▶ **PROBLEM DESCRIPTION**
Although the records contain pictures, repeat only the text of every line exactly.

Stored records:
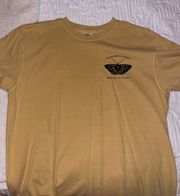 Comfort Colors Yellow T-shirt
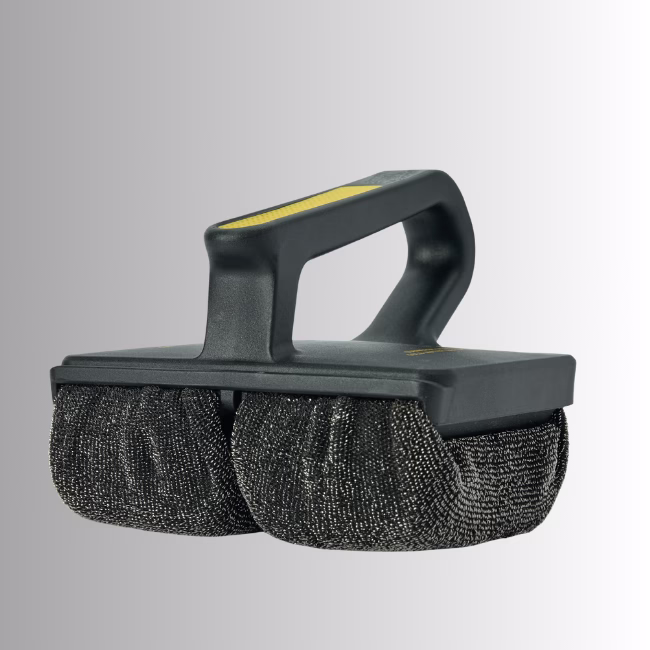 Scrub Daddy BBQ Daddy Bristle-Free Griddle Scrubber Brush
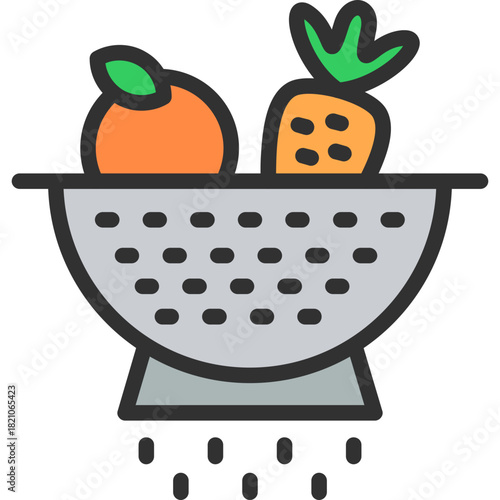 Colander Icon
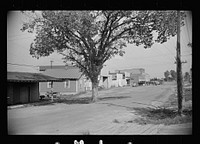 Robbs, Illinois, the one man town, and near which Resettlement Administration has a project. Sourced from the Library of Congress.
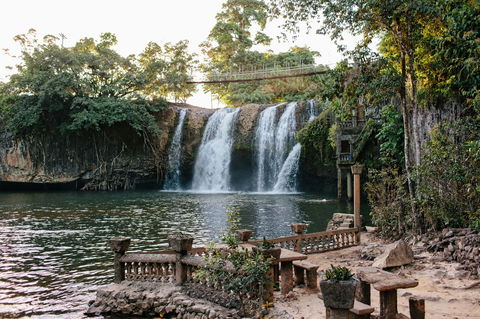 Mena Creek Falls - VIC Tourism 0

▶ **OUTPUT FOR THIS TASK**
 Comfort Colors Yellow T-shirt
 Scrub Daddy BBQ Daddy Bristle-Free Griddle Scrubber Brush
 Colander Icon
 Robbs, Illinois, the one man town, and near which Resettlement Administration has a project. Sourced from the Library of Congress.
 Mena Creek Falls - VIC Tourism 0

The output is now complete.